[DATA]:
^^^^^^^^^^^^^^^^
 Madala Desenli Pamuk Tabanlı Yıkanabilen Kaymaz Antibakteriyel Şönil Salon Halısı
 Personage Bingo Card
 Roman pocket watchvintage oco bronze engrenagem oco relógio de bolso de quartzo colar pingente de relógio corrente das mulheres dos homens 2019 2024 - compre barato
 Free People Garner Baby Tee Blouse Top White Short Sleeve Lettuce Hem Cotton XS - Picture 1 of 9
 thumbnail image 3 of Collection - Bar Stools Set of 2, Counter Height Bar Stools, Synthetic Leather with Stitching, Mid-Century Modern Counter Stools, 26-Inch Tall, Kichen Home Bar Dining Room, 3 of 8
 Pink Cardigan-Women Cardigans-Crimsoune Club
^^^^^^^^^^^^^^^^
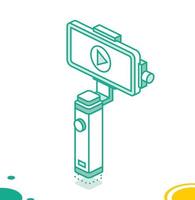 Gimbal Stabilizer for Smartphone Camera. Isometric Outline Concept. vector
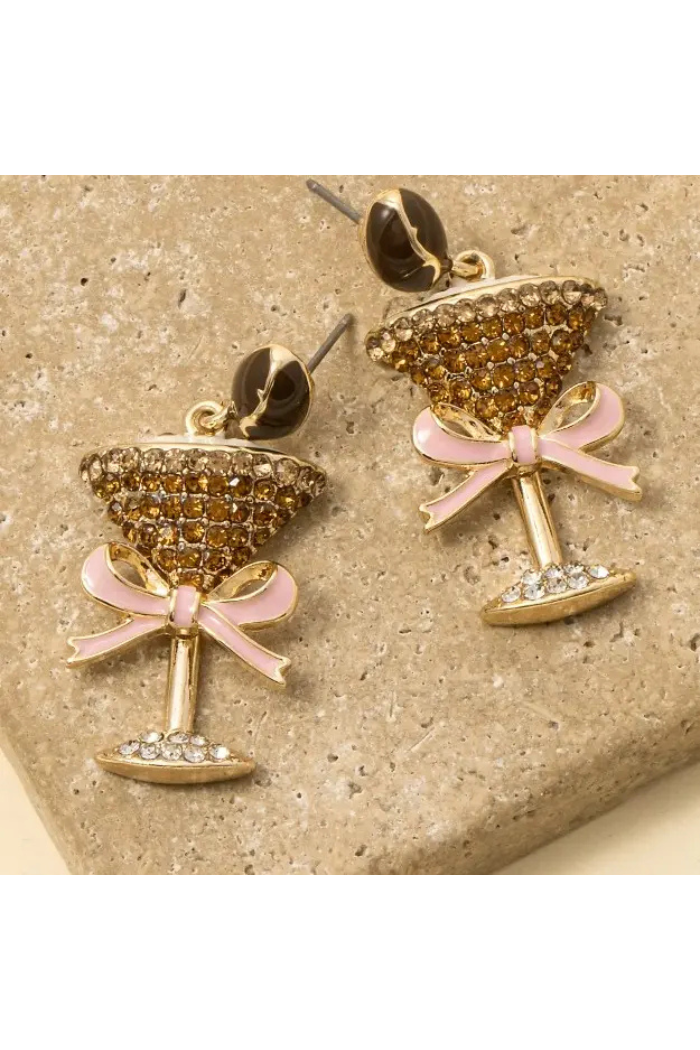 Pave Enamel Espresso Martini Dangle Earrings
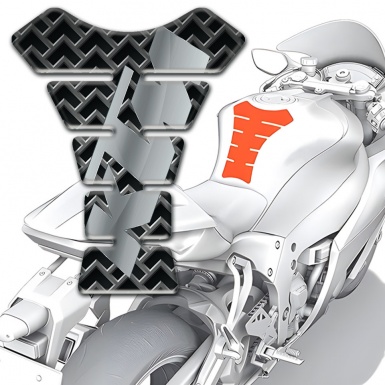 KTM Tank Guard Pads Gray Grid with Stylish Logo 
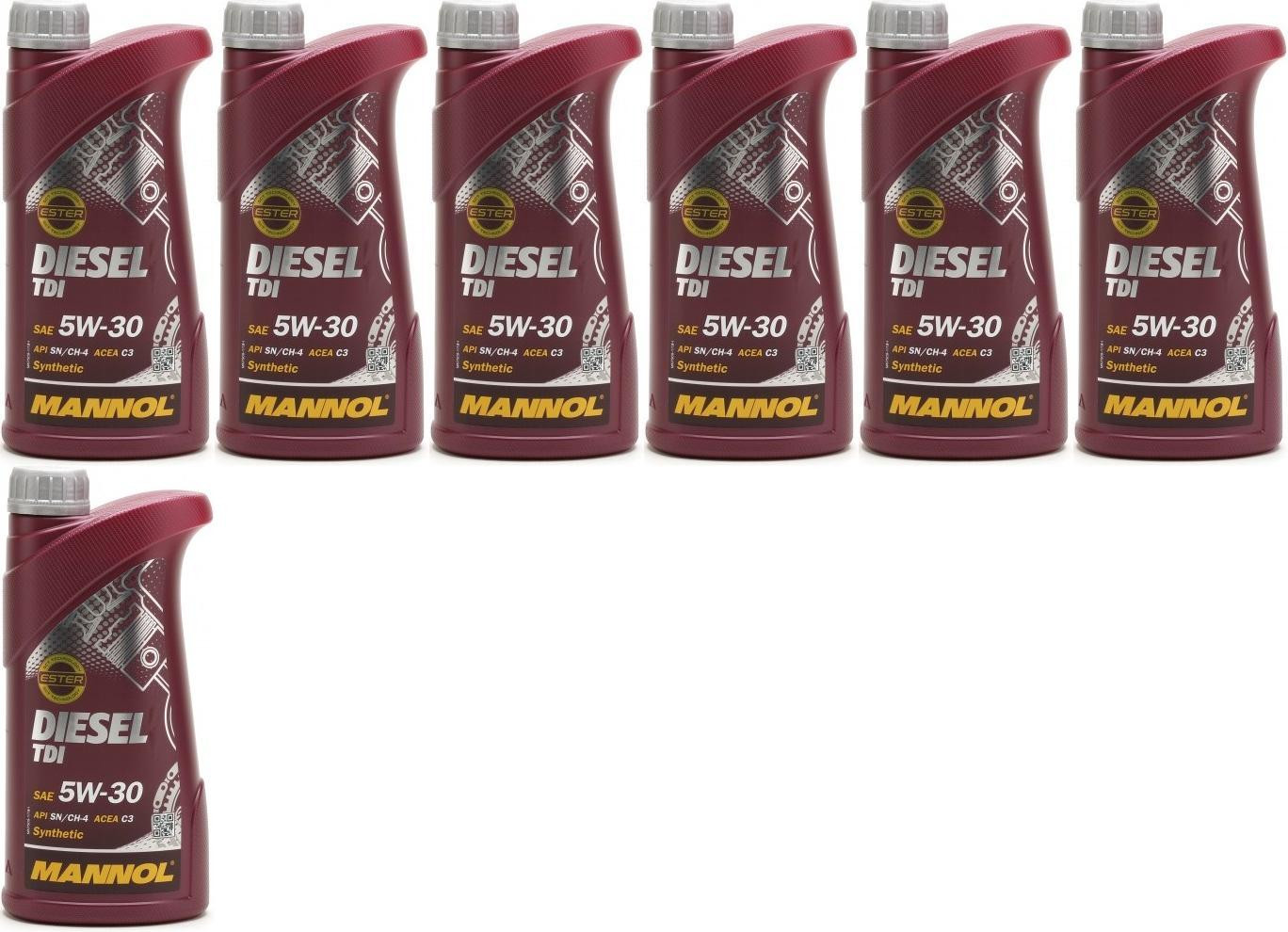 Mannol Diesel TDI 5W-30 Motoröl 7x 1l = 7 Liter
^^^^^^^^^^^^^^^^
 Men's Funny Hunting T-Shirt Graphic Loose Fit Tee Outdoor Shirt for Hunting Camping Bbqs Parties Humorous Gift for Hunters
^^^^^^^^^^^^^^^^
[ACTIVITY]: Once you reach the line with "Personage Bingo Card" in the data above, copy it and every line after it exactly, up to and including the line with "Pink Cardigan-Women Cardigans-Crimsoune Club".

[ANSWER TO THE EXERCISE]:
 Personage Bingo Card
 Roman pocket watchvintage oco bronze engrenagem oco relógio de bolso de quartzo colar pingente de relógio corrente das mulheres dos homens 2019 2024 - compre barato
 Free People Garner Baby Tee Blouse Top White Short Sleeve Lettuce Hem Cotton XS - Picture 1 of 9
 thumbnail image 3 of Collection - Bar Stools Set of 2, Counter Height Bar Stools, Synthetic Leather with Stitching, Mid-Century Modern Counter Stools, 26-Inch Tall, Kichen Home Bar Dining Room, 3 of 8
 Pink Cardigan-Women Cardigans-Crimsoune Club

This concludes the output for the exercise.